Enterprise Strategy Group (ESG) recently surveyed 48 law departments (about a quarter of the respondents were general counsel) representing midmarket organizations (500 to 999 employees, 17%), larger companies (1,000 to 2,499 employees, 10%) and enterprise-class (2,500 employees or more, the remainder).

ESG was dismayed to find that in 2010 almost two out of three of those law departments did not “track e-discovery related expenses (i.e., document review fees, outside counsel fees, technology investments, etc.).” Perhaps they should be less surprised given who responded and the size of many of the companies – and thus their volume of lawsuits that justify tracking discovery expenses.

One out of three respondents was in a company with less than $1 billion of revenue, which would suggest less than four or five lawyers. Indeed, one quarter of the law departments had 1-10 total employees and a third had 11-24, which translates typically into 5 to 13 lawyers. Since it is fairly common to have one-to-two lawyers per 1,000 employees, even the largest midmarket respondents might have only a single lawyer (See my post of Dec. 2, 2010: lawyers per thousand employees.).
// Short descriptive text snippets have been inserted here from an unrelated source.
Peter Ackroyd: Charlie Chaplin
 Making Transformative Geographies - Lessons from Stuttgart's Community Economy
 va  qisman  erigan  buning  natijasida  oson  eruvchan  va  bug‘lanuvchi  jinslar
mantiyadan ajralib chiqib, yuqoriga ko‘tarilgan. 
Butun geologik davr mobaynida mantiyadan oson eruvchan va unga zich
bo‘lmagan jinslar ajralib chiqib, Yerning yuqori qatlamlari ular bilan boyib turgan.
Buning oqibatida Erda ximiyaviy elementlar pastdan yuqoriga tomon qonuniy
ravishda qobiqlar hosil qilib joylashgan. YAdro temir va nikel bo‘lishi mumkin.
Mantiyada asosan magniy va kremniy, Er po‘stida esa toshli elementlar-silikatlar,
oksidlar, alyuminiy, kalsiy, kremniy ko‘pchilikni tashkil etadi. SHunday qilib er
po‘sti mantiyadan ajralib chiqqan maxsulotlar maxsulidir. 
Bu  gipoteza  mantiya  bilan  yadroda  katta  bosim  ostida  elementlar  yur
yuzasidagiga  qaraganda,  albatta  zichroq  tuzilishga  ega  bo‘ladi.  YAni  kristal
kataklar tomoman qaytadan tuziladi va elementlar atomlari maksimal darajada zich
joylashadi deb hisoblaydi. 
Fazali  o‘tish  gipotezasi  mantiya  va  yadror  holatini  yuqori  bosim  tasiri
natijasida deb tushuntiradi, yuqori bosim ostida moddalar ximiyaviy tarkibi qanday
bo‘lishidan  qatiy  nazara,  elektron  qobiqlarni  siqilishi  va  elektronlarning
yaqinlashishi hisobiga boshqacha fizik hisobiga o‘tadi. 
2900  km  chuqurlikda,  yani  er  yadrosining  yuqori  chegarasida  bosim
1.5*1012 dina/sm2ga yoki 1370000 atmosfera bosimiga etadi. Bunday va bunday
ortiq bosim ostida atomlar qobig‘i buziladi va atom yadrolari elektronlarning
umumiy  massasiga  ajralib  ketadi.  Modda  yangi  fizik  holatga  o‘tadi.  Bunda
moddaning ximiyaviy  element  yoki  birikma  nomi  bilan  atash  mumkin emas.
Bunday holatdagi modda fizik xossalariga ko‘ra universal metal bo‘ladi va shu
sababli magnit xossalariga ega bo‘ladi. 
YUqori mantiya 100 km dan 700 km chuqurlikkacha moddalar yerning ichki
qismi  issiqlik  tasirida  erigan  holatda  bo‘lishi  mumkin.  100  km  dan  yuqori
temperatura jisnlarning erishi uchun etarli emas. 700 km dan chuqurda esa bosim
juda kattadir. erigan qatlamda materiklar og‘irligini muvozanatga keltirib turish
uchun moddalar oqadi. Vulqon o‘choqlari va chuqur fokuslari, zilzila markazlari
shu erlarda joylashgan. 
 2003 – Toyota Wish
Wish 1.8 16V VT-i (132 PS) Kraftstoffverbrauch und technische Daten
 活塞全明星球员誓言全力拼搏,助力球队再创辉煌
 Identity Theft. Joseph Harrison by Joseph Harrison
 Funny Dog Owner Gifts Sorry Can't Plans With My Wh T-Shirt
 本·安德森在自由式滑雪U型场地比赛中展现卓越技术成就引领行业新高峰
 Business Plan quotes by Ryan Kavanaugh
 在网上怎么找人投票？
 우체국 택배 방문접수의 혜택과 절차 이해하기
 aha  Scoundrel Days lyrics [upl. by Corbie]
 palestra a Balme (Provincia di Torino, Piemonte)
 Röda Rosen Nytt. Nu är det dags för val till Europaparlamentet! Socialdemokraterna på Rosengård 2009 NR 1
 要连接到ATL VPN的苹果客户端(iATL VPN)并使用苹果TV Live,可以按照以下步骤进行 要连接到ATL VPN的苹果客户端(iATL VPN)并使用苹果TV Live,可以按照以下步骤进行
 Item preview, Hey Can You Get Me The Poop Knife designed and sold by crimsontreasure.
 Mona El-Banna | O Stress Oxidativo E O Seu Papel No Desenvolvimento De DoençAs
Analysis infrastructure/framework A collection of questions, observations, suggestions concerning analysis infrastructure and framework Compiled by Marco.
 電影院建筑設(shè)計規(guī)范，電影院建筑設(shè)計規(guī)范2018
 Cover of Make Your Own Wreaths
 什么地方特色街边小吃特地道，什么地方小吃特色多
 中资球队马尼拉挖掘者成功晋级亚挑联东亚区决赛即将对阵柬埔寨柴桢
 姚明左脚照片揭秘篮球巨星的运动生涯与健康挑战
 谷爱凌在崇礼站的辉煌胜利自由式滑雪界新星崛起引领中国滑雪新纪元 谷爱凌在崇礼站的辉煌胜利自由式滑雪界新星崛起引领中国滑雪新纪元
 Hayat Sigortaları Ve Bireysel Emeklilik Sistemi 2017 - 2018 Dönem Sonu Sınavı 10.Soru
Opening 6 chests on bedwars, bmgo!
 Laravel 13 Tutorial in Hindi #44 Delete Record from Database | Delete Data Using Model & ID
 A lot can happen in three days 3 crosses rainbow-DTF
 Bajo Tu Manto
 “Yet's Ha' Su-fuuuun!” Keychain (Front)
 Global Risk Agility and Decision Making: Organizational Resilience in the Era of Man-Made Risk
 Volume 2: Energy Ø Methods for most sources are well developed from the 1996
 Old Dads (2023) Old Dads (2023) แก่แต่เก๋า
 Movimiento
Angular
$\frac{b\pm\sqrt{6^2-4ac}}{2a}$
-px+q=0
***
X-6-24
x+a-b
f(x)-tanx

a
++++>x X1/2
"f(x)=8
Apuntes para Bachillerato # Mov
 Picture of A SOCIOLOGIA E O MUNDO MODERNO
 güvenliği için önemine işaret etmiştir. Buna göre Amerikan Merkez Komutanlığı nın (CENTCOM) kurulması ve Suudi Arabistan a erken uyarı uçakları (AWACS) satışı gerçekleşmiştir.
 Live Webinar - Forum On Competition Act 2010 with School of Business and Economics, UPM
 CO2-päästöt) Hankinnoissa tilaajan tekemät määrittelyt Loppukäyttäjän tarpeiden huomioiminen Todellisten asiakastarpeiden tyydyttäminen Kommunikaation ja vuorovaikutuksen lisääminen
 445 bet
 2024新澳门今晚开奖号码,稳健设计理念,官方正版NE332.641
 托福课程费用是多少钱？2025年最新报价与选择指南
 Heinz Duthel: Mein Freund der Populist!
Smaller companies may have very little litigation, let alone of enough documentary bulk to require much e-discovery management, and thus no need to drill down to a component cost of it. In short, is the sample large enough of knowledgeable participants and litigation-intensive companies to draw a responsible conclusion about what spending information is tracked?

The report adds a methodological point not usually included in survey results: “After filtering out unqualified respondents, removing duplicate responses, and screening the remaining completed responses (on a number of criteria) for data integrity, we were left with a final total sample of 48 general counsel, attorneys and legal department executives.” I applaud the quality control, some form of which all benchmark surveys should apply, but wish there were more transparency regarding how they assessed “data integrity.”